# AIM OF THE TASK
Please output the section of the listing below that opens with the line containing "This is a brand" and closes with the line containing "As an Osmosis", exactly and with nothing else.

# RECORDS
%%

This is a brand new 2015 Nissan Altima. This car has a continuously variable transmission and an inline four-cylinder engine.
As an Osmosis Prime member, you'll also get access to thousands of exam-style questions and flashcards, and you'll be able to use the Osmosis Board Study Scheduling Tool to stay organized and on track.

%%
%%

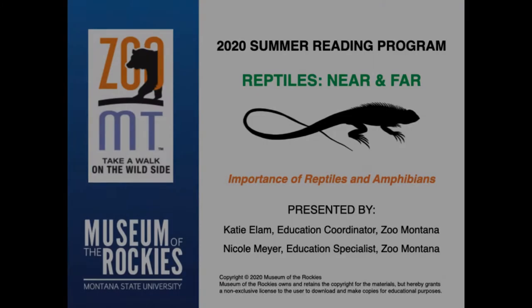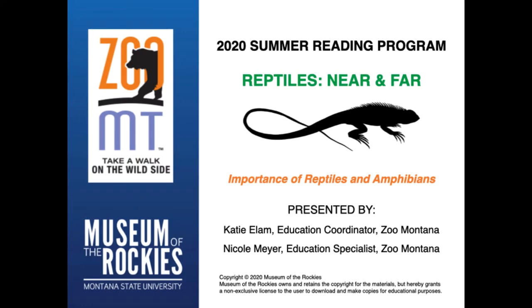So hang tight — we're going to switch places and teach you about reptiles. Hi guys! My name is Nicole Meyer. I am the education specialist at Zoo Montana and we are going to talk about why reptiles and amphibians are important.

%%

# TASK ANSWER
This is a brand new 2015 Nissan Altima. This car has a continuously variable transmission and an inline four-cylinder engine.
As an Osmosis Prime member, you'll also get access to thousands of exam-style questions and flashcards, and you'll be able to use the Osmosis Board Study Scheduling Tool to stay organized and on track.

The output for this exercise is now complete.